14. Transdermal therapeutic system according to claim 13, characterized in that at least one matrix layer contains the active ingredient acetylsalicylic acid for the most part in crystalline form, and that at least part of the active ingredient acetylsalicylic acid is present as a stable, anhydrous, melting above 132 ° C modification crystalline.

15. Transdermal therapeutic system according to claim 13 or 14, characterized in that it contains one or more further active substances and / or auxiliary substances, the further active substance (s) preferably being selected from the group which Serotonin antagonists, non-selective serotonin derivatives, simple analgesics, combinations of analgesics, ergotamine derivatives, non-steroidal anti-inflammatory drugs (NSAIDs), corticosteroids, phenothiazines, opiate analgesics, beta-blockers, calcium channel blockers, tricyclic antidepressants and mono-antioxidants, Inhibitor includes.

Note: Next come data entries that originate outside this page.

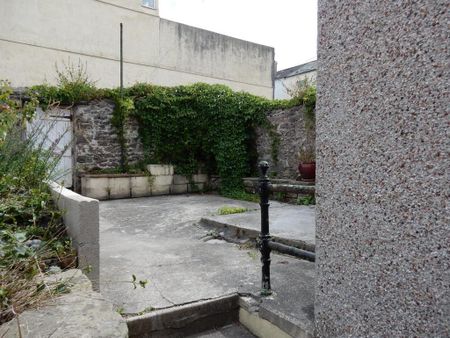 6 bedroom house to rent - Photo 5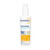 Bioderma Photoderm Pediatrics Spray SPF50+ 200 ml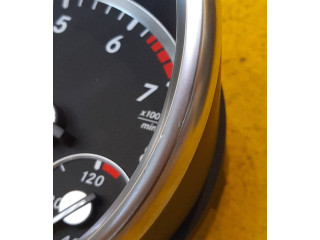 Панель приборов A1669006910   Mercedes-Benz GLE AMG (W166 - C292)       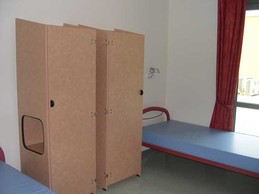 Image n° 3 de la location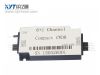 Optical CWDM multiplexer 1*18 Channel CCWDM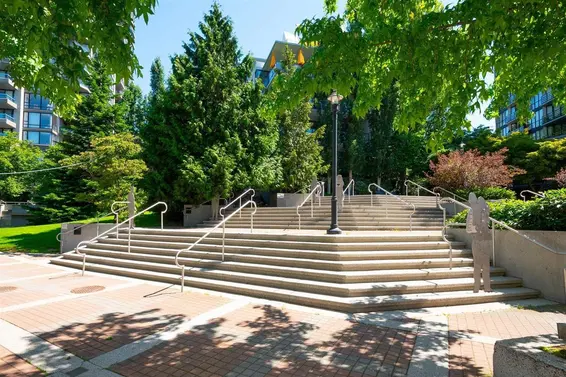 408 170 West 1st Street, North Vancouver For Sale - image 17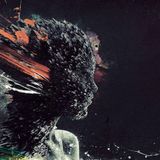 The Desire UnBound (Dimitris Tigas- Vagia Stavrakaki ) New Mix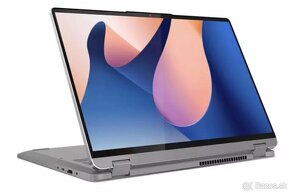 LENOVO IdeaPad Flex 5 16IRU8 Arctic Grey nepouzivany - 6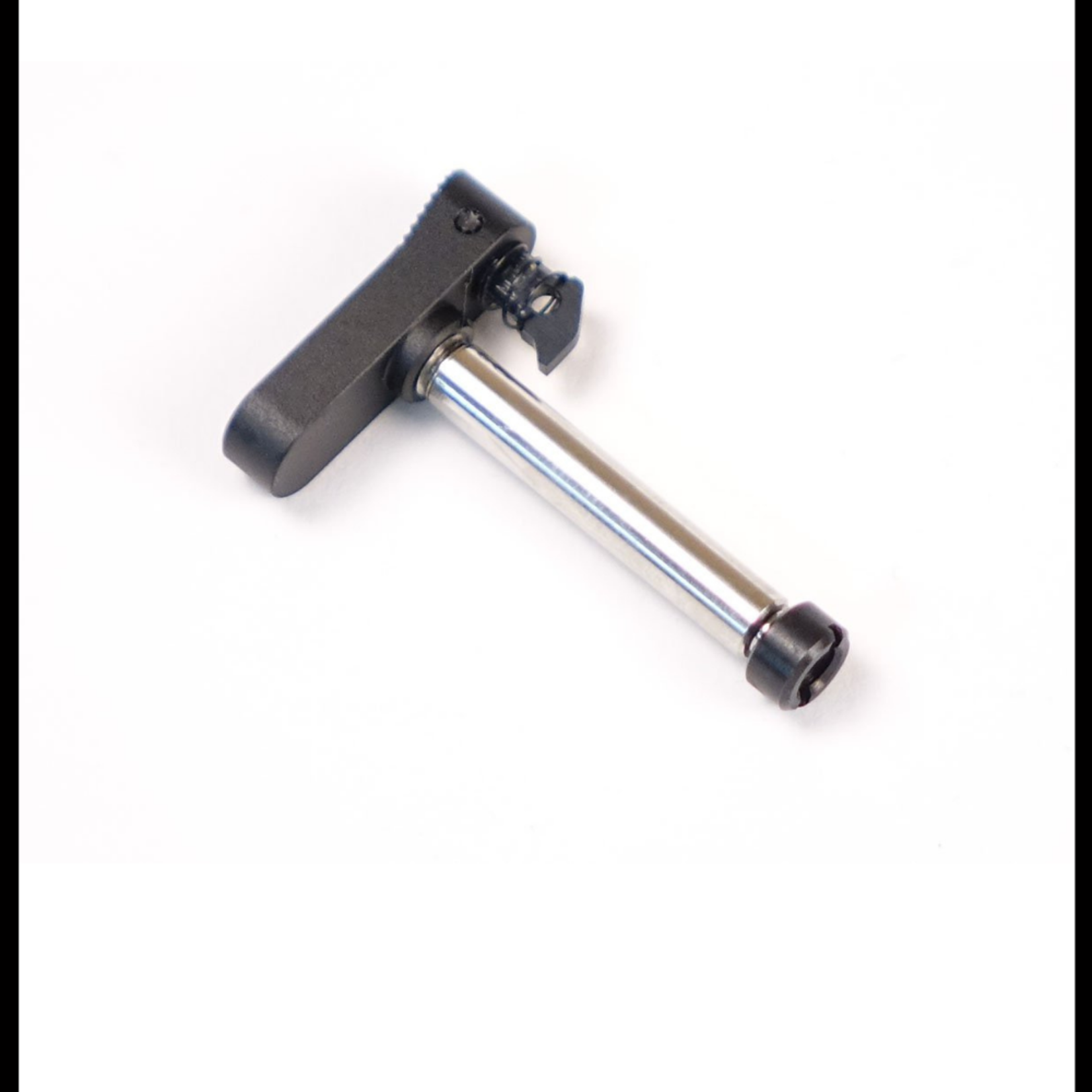 Action Army Amoeba AS02 Loading Indicator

16. Transdermal therapeutic system according to one of claims 13-15, characterized in that the active ingredients are released in at least two separate matrices with mutually independent release rates.

17. Transdermal therapeutic system according to one of claims 13-16, characterized in that the rate of release of acetylsalicylic acid is at least 1 mg per day and at most 100 mg per day.

18. Transdermal therapeutic system according to one of claims 13-17, characterized in that it has skin permeation rates in the range of 0.02-2 mg / cm ² d, preferably in the range of 0.1-0.4 mg / cm ² d, allows.